Fake news is undoubtedly a huge topic at the moment, with a crisis of trust across much of the western world in the quality and reliability of information people receive. It was a topic of a recent talk I gave at the House of Lords, and it was my contention that it is the responsibility of all stakeholders in this issue to improve matters rather than one group in isolation.
So it’s interesting to see a recent paper from the EU’s DEBUNKER project, which aims to improve the quality of information given to citizens via the media. The paper puts forth the interesting theory that journalists themselves would make the best referees.
Debunking fake news
The project focuses exclusively on understanding the factors that give rise to misconceptions and false beliefs. Their latest paper argues that journalists could play a key role and advocates them being more assertive in adjudicating arguments, fact checking the information and highlighting any untruths that they find.
The authors conducted an experiment featuring a relatively neutral topic, which was given to participants to read. The topic was covered from two rival viewpoints, with a fact-checking paragraph whereby the journalist covered the accuracy of the contrasting perspectives.
The researchers initially worried that the presence of the fact-checking paragraph would only encourage party supporters to become more wedded to fake statements from their preferred political representatives rather than seeking out balance. Indeed, past studies have found that corrective actions can make misconceptions even more deeply embedded. In this experiment however, that didn’t appear to be the case, and the balanced story gained the journalist renewed trust, and certainly more so than politicians, including those from their party of choice.
Going the extra mile
The authors believe that journalists usually don’t include that kind of fact-checking analysis because they worry about being accused of bias. Whilst the study found no evidence of this among readers in the experiment, they failed to analyze the time constraints placed on journalists in a media industry that is increasingly requiring news to be published quickly and frequently in order to get the page views that the industry lives off of.

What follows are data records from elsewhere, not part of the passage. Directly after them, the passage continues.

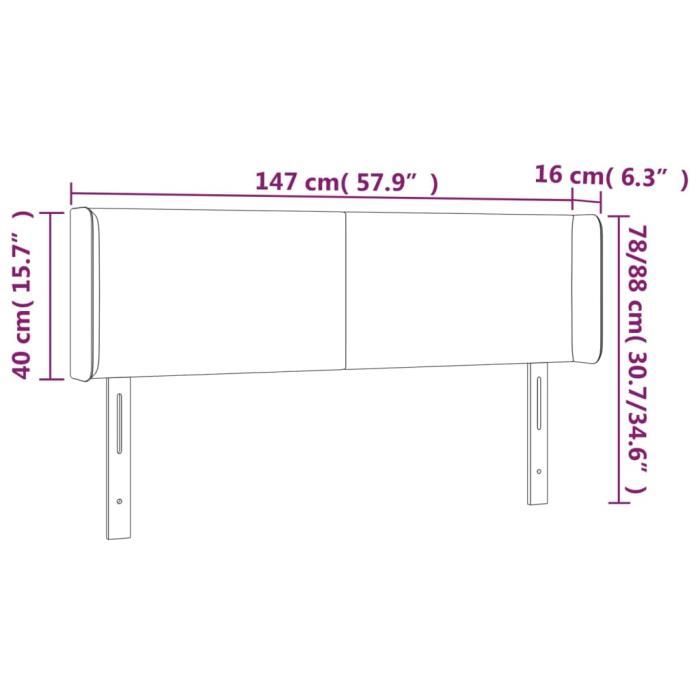VidaXL Tête de lit avec oreilles Gris foncé 147x16x78-88 cm Tissu3118487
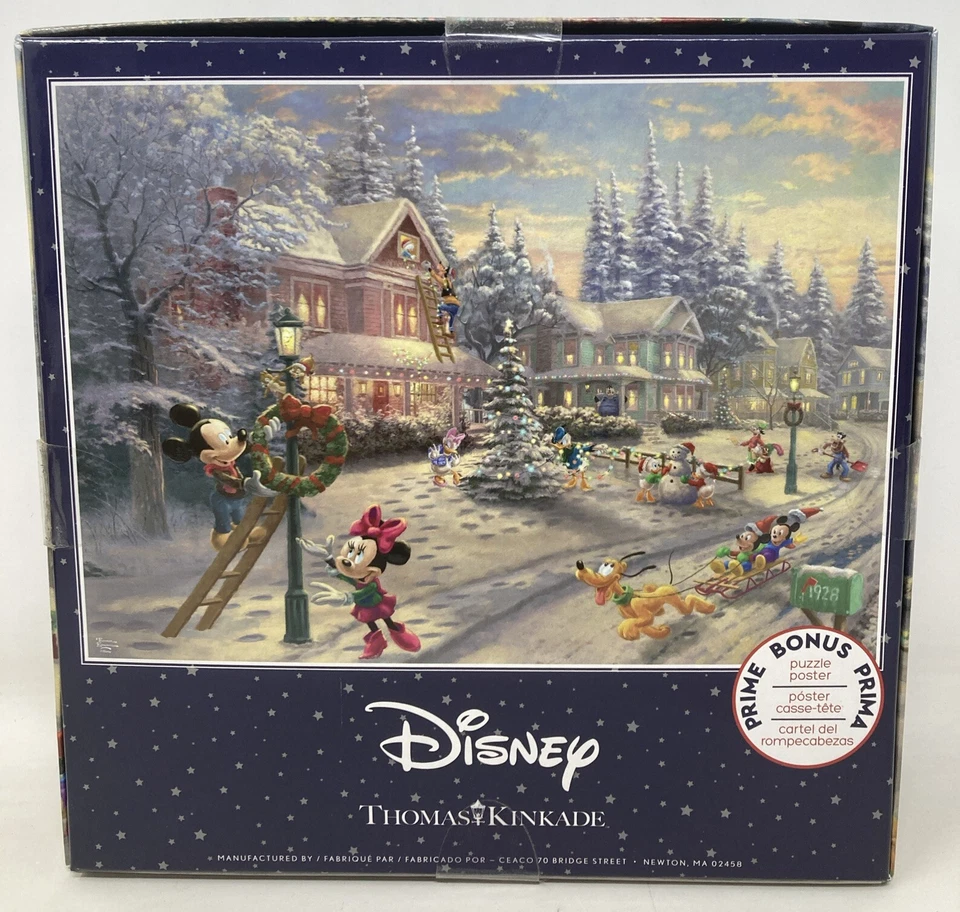 Lote de 3 quebra-cabeças Disney Thomas Kinkade Pato Donald, Dumbo, Mickey e Minnie NOVO - Imagem 3 de 4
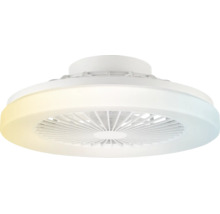 Runder weißer Deckenventilator mit integriertem Lichtring und verstellbarer Farbtemperatur.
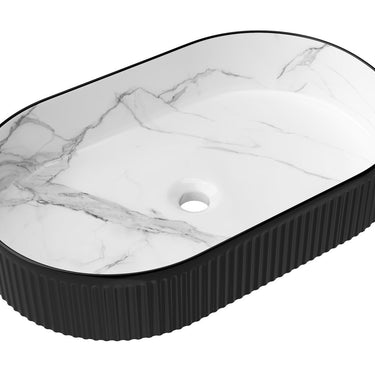 Matte Black & Matte White Carrara - Kensington Oval 560x350x120 Basin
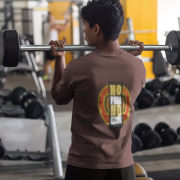 Back view of Coffee Brown Gym Motivation T-Shirt | Pain Today, Power Tomorrow by PodLyft, offering a sleek and motivational design for fitness lovers.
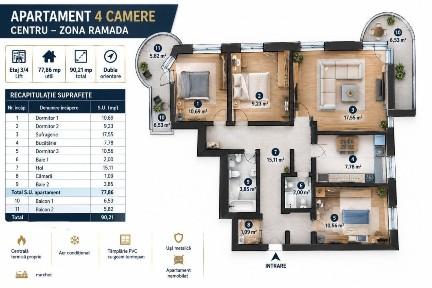Apartament 4 camere 90 mp - Bloc 4 etaje cu Lift - Centru, Hotel Ram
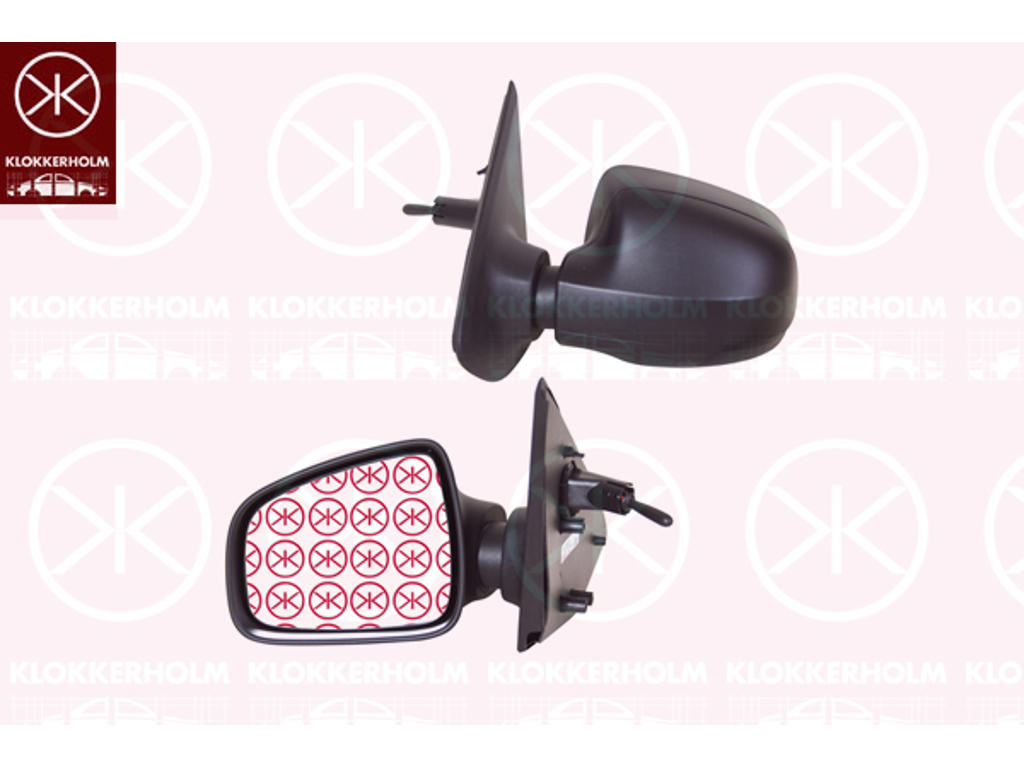 Exterior Mirror, Left, Control: cable pull, black, Convex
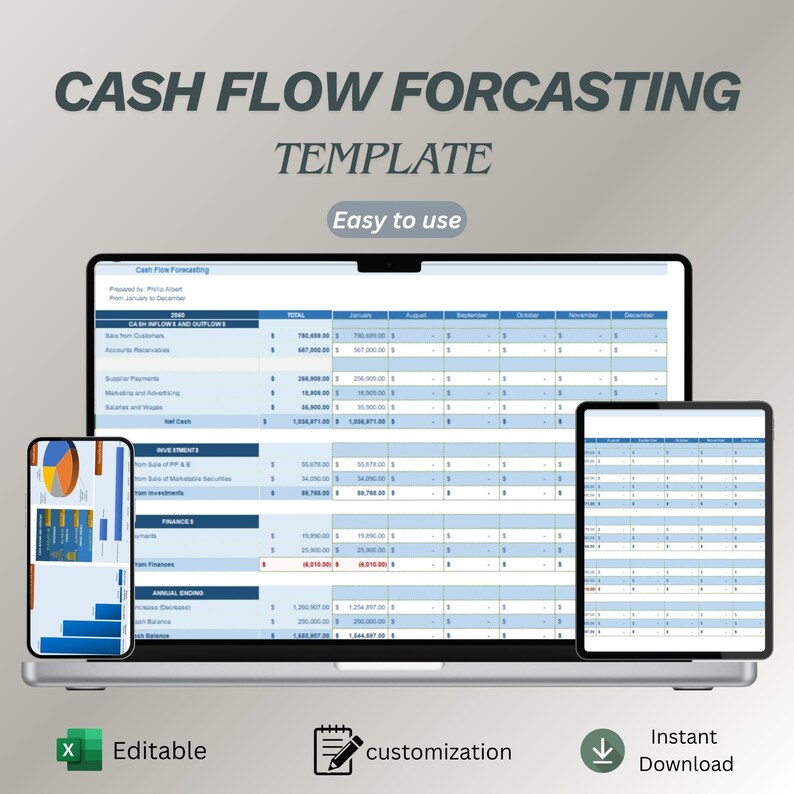 May include: A laptop, tablet, and smartphone display a cash flow forecasting template. The text "CASH FLOW FORECASTING TEMPLATE" is at the top. The words "Easy to use" are in a banner. Icons for "Editable", "customization", and "Instant Download" are at the bottom.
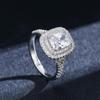 Modian Female Rectangle Clear CZ Ring Classic 925 Sterling Silver Wedding Engagement Rings For Women Fine Jewelry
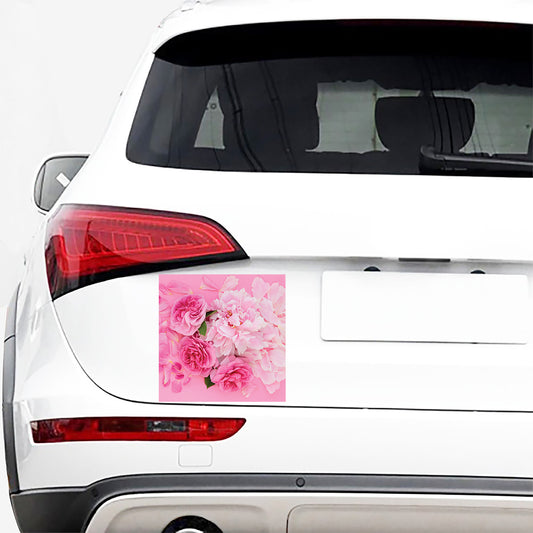 Peony And Rose Print Car Sticker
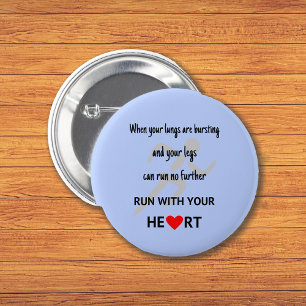 Badge Rond 5 Cm Courez avec votre coeur sport motivation bleu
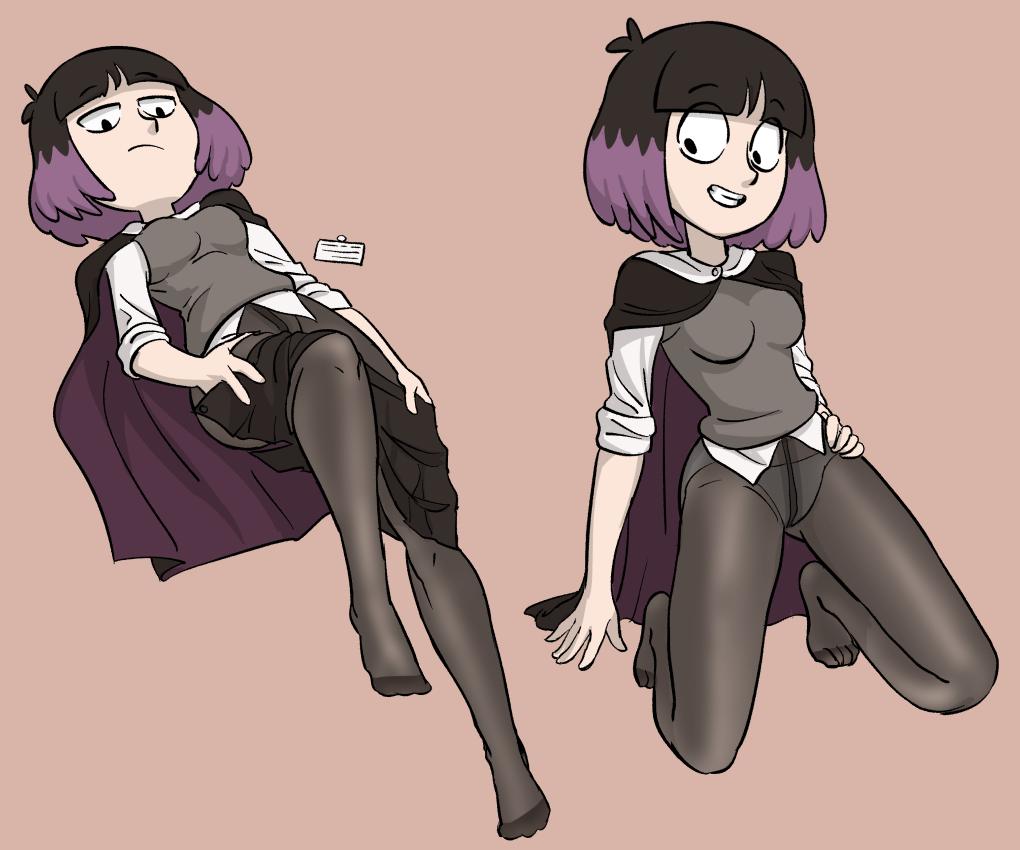 accurate art style, breasts, centinel303, female, goth, goth girl, grey vest, hand on hip, hilda (series), kaisa (hilda), medium breasts, official style, panties, pantyhose, pantylines, pose, posing, purple hair, see-through, see-through clothing, two-tone hair, vest, witch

With few readers willing to pay subscription fees, it’s a model that seems here to stay, and it’s therefore difficult to imagine the kind of due diligence participants in this study so valued from their journalists being done, if only due to the time pressures of the job.
Hopefully the finding will go some way to informing the debate however, and if nothing else give the industry the confidence to call out fake news when they see it, although the authors do concede that their work only touched upon relatively neutral issues and nothing remotely polarized and controversial.